Job Description:
We are looking for passionate and hardworking DevOps / Site Reliability Engineers (SRE) to work with one of our leading customers.
Responsibilities:
- As an SRE, you’ll need to solve these problems using data, teamwork, and your expertise.
- SREs own platform stack of the production environment; from covering issues related to the application functionalities to addressing infrastructure disasters — our responsibilities are both broad and deep.
- The platform runs on the Microsoft Azure cloud and follows a microservices architecture that consists of open source, vendor licensed, and internally developed tools to perform functions such as provisioning, software deployment, logging, and monitoring.
Requirements:
- Strong sense of ownership and integrity demonstrated through clear communication and collaboration.

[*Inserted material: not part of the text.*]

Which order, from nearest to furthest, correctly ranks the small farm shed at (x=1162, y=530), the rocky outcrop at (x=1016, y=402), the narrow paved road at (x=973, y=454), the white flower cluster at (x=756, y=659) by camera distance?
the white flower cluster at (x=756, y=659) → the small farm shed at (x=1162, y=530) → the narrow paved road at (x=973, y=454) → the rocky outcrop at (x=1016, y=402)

- Experience in managing and scaling distributed systems in a public, private, or hybrid cloud environment.
- The ability to design, author, and release code in .NET and C# language.
- Strong drive to automate manual operations and to improve them through repeated iteration.
- Good understanding of various Azure cloud services and resources.
- Familiarity with microservices architecture and container orchestration with Kubernetes.
- Hands-on experience managing large numbers of diverse systems with configuration management or software delivery platforms (such as Puppet, Chef, Ansible, and Spinnaker).
- Experience with deploying, supporting, and supervising new and existing services, platforms, and application stacks.
- Familiarity with Continuous Integration and Continuous Delivery processes and a solid understanding of the software development life cycle.
- Excellent troubleshooting and problem-solving skills.
- Experience with scale testing, disaster recovery, and capacity planning.
- BS/MS in Computer Science or equivalent (software development or production operations experience in a large-scale environment).
- Willingness to participate in on-call rotation.